Additional signaling pathways may regulate OPC development. One such pathway that has received considerable attention is the Wnt signaling system that may contribute to the initial patterning of the spinal cord. Multiple studies implicated Wnts in the control of dorsal cell proliferation and more recently in neural tube patterning (Ulloa and Marti 2010). Explant studies using the chick spinal cord demonstrated expression of Wnt in dorsal regions of the developing spinal cord at the time that OPCs were being generated ventrally and that inhibition of Wnt signaling in the ex vivo model resulted in a dramatic increase in the number of OPC cells (Shimizu et al. 2005) suggesting that Wnt had an inhibitory effect on OPC development. Subsequent studies suggest that Wnt may have a more profound effect on OPC maturation than induction. Cell culture studies implicated Wnt signaling through β-catenin in the regulation of OPC maturation that was independent of the induction of OPCs or the control of their proliferation or cell fate determination (Feigenson et al. 2009). These functional characteristics distinguish Wnt signaling from other inhibitors of OPC development such as BMPs. Genetic manipulations resulting in constitutive activation of Wnt/β-catenin signaling specifically in cells of the oligodendrocyte lineage resulted in similar numbers of OPC compared to wild-type littermate controls but delayed the development of mature oligodendrocytes and myelination. Somewhat unexpectedly, these effects were transient and the histology of the adult animals was relatively normal (Feigenson et al. 2009). Confirmation of a critical role for Wnt in the timing of OPC development and identification of a persistent role for Wnt/β-catenin in the adult followed the identification of the transcription factor Tcf4 as a major mediator of oligodendrocyte Wnt signaling (Fancy et al. 2009). Conditional activation of the β-catenin pathway or perturbation of APC, an inhibitor of Wnt, resulted in a significant delay in the timing of oligodendrocyte maturation during development and a delay in remyelination in the adult CNS (Fancy et al. 2009). Thus far all the data suggest Wnt signaling in oligodendrocytes or OPCs is mediated through the canonical pathway, and whether there is a role for the noncanonical pathway in mediating the effects of Wnt on OPCs and oligodendrocytes remains to be determined.
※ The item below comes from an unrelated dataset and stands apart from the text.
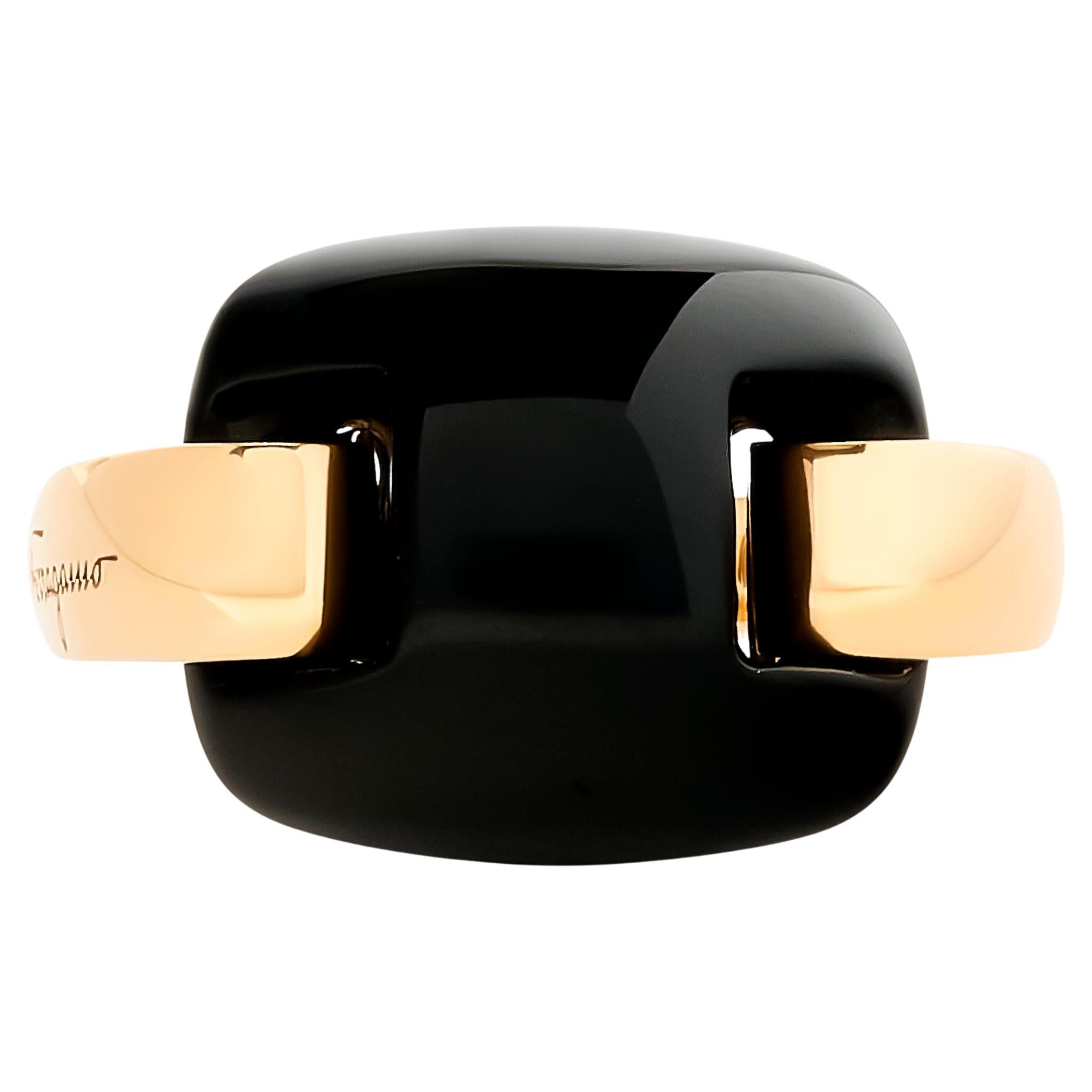 Ferragamo 18 Karat Black Onyx Ring Size 4.50 For Sale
Multiple factors may initiate the induction of OPCs in the developing CNS. While Shh is clearly important in early OPC development, OPCs also develop in cultures derived from Shh null animals indicating the existence of alternative pathways for their induction. The best defined of these is through FGF signaling pathway. As discussed above, FGF signaling may induce a blockade of BMP signaling (Bilican et al. 2008) and promote OPC induction. Later in development, OPCs express multiple FGF receptors that initiate a variety of cellular responses (Fortin et al. 2005). The relative roles of FGF in OPC induction are likely to be more pronounced in rostral regions of the CNS that contain multiple anatomically distinct areas of OPC appearance (Kessaris et al. 2006; Spassky et al. 1998). Axonal signals such as the neuregulins have been implicated in OPC induction; however, their role remains somewhat controversial. While in vitro the absence of NRG-1 significantly inhibited the appearance of OPCs (Vartanian et al. 1999) and suggested involvement of distinct ErbB receptors (Park et al. 2001; Sussman et al. 2005), subsequent studies using genetic manipulations in vivo have failed to provide any evidence of a role for neuregulins or their receptors in the development of CNS myelination (Brinkmann et al. 2008). It seems likely that while not essential in vivo for OPC development and CNS myelination, distinct isoforms of NRG and their receptors contribute significantly to normal OPC development and further studies are needed to clarify their precise roles.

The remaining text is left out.